» Given entries:
:::::
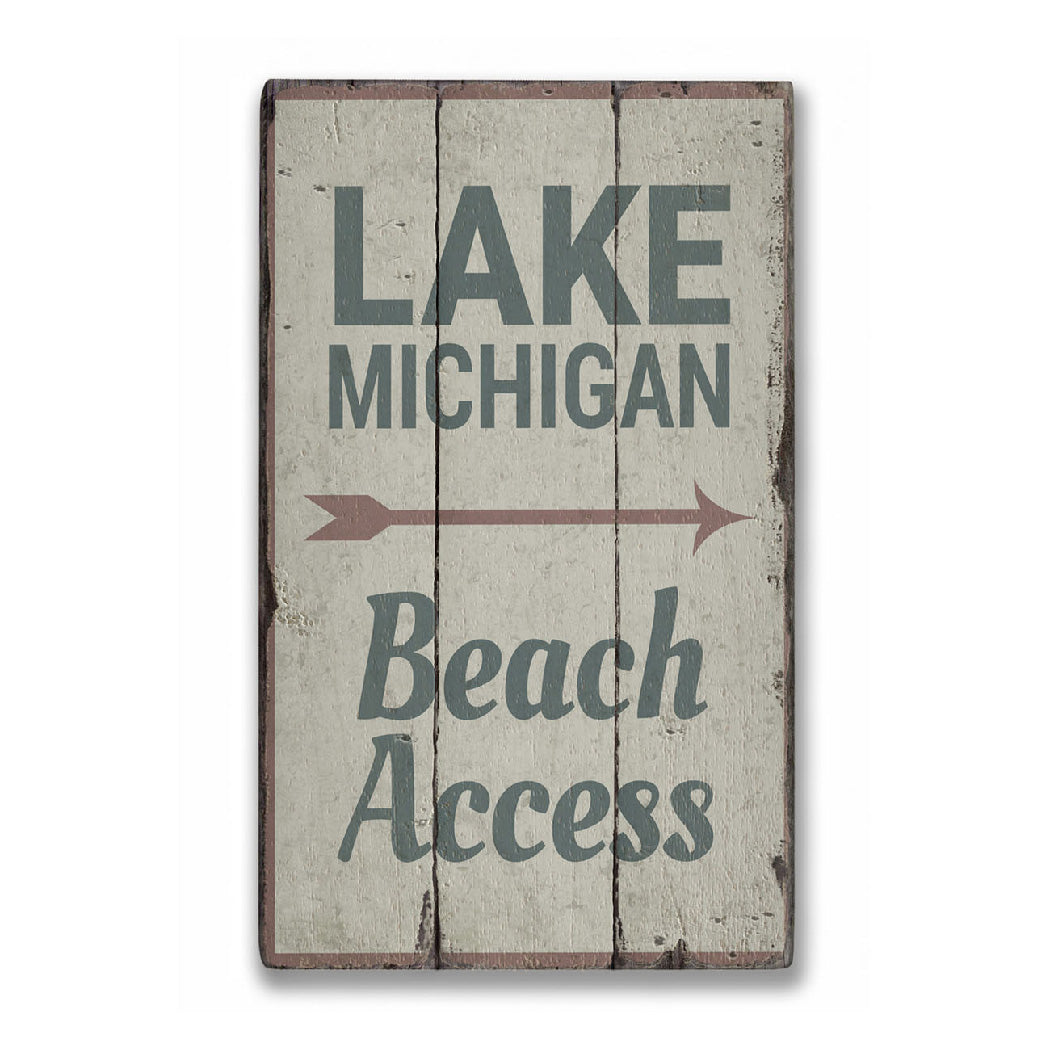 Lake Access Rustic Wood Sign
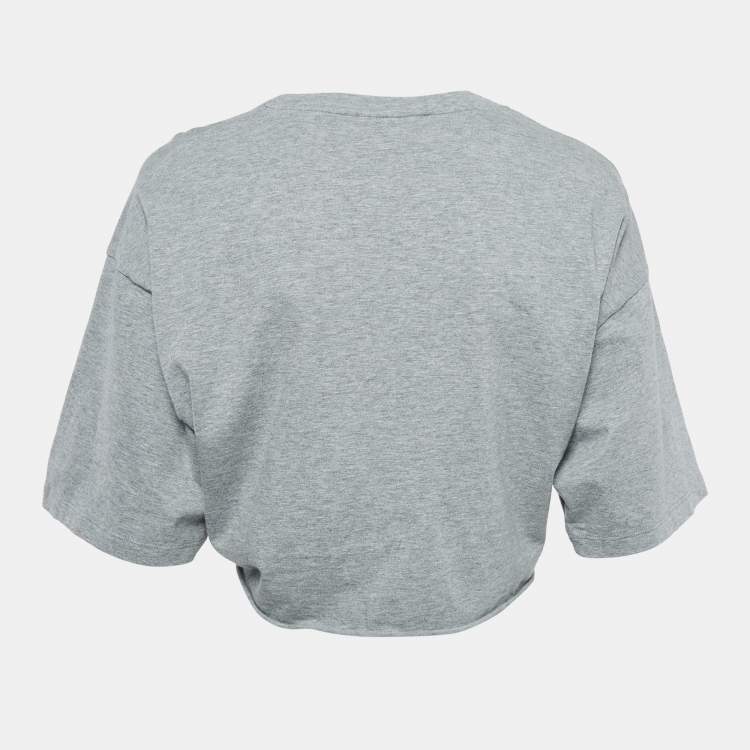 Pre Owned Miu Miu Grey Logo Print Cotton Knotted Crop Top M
:::::
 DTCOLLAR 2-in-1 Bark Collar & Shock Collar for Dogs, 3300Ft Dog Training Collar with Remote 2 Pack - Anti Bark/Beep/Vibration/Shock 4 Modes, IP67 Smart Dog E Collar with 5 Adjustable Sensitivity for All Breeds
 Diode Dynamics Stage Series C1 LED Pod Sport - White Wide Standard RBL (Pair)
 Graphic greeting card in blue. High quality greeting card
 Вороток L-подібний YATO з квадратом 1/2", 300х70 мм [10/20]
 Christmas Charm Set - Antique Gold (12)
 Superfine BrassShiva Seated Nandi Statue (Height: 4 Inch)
:::::
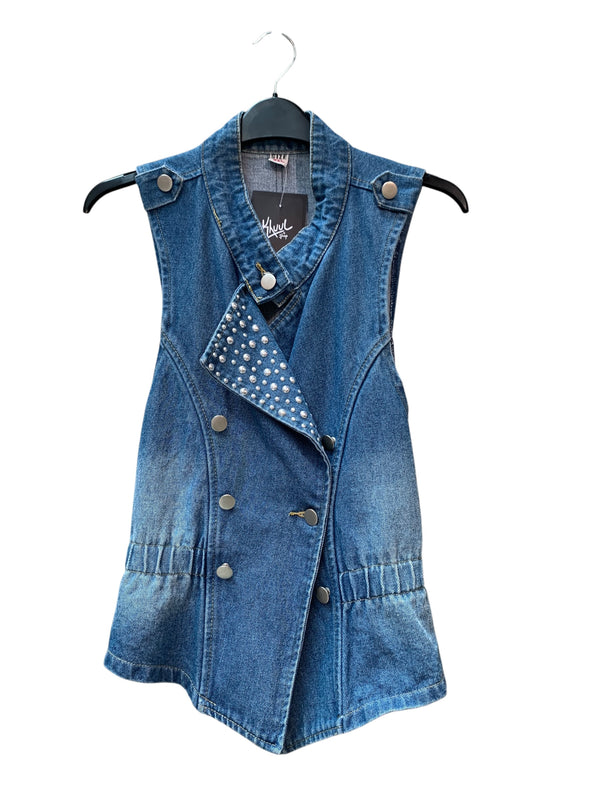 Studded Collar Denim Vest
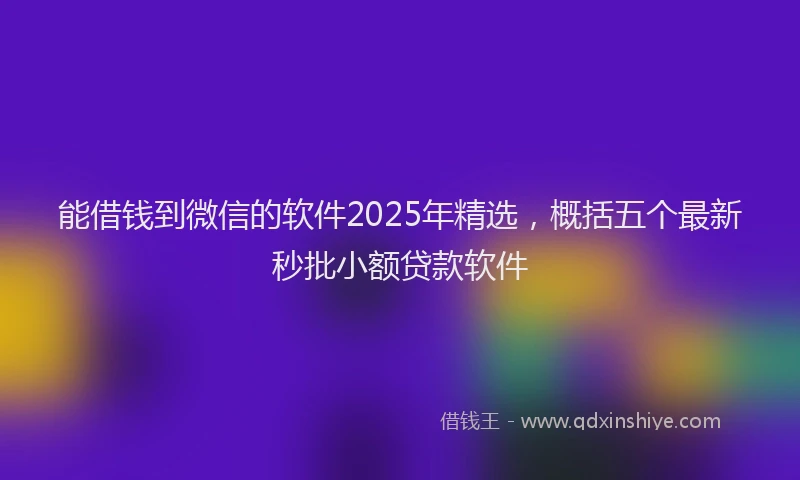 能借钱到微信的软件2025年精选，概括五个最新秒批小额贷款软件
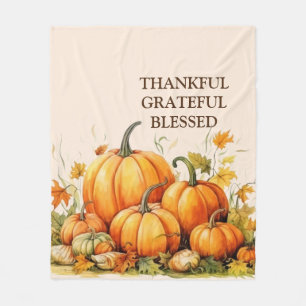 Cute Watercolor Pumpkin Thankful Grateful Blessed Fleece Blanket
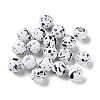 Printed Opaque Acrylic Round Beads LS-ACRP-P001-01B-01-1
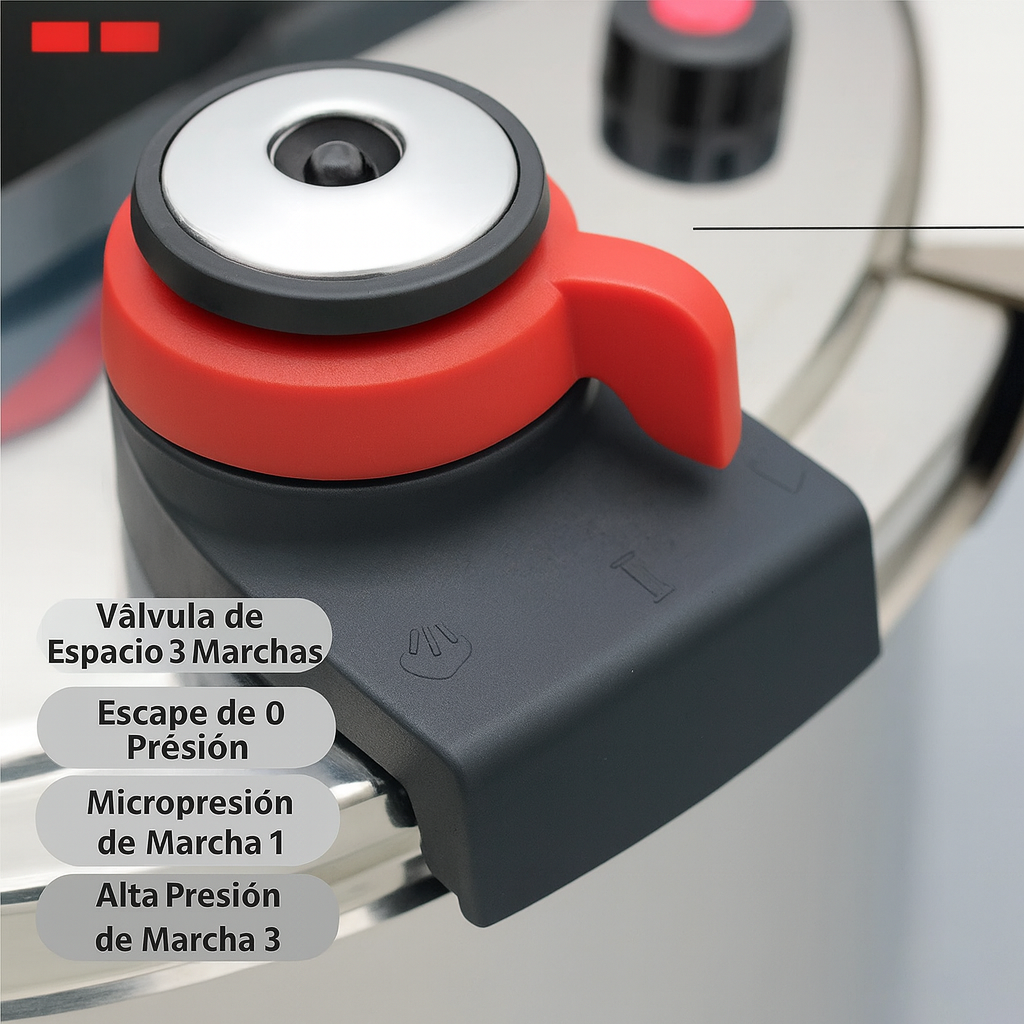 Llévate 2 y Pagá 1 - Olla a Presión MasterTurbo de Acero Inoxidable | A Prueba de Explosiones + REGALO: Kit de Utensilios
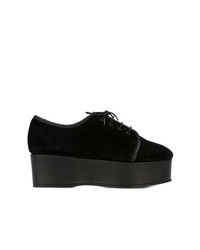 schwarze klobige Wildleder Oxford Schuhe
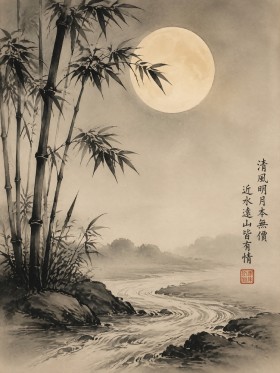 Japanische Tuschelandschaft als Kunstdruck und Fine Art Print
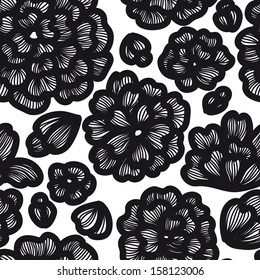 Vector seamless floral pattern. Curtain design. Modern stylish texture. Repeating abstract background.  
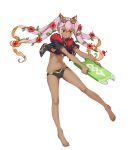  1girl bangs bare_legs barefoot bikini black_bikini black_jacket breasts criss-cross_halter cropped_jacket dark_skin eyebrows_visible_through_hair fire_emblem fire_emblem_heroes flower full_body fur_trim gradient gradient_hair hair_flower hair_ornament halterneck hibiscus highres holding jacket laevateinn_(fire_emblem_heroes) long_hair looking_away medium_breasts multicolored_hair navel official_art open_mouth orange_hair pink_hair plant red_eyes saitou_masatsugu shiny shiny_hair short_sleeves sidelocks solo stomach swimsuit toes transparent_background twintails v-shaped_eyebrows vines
:::::
» Work to complete:
In the entries above, every line from the line with "Lake Access Rustic Wood Sign" to the line with "Pre Owned Miu" is to be printed exactly, with both ends included and pictures excluded.

» Solution to the problem:
 Lake Access Rustic Wood Sign
 Pre Owned Miu Miu Grey Logo Print Cotton Knotted Crop Top M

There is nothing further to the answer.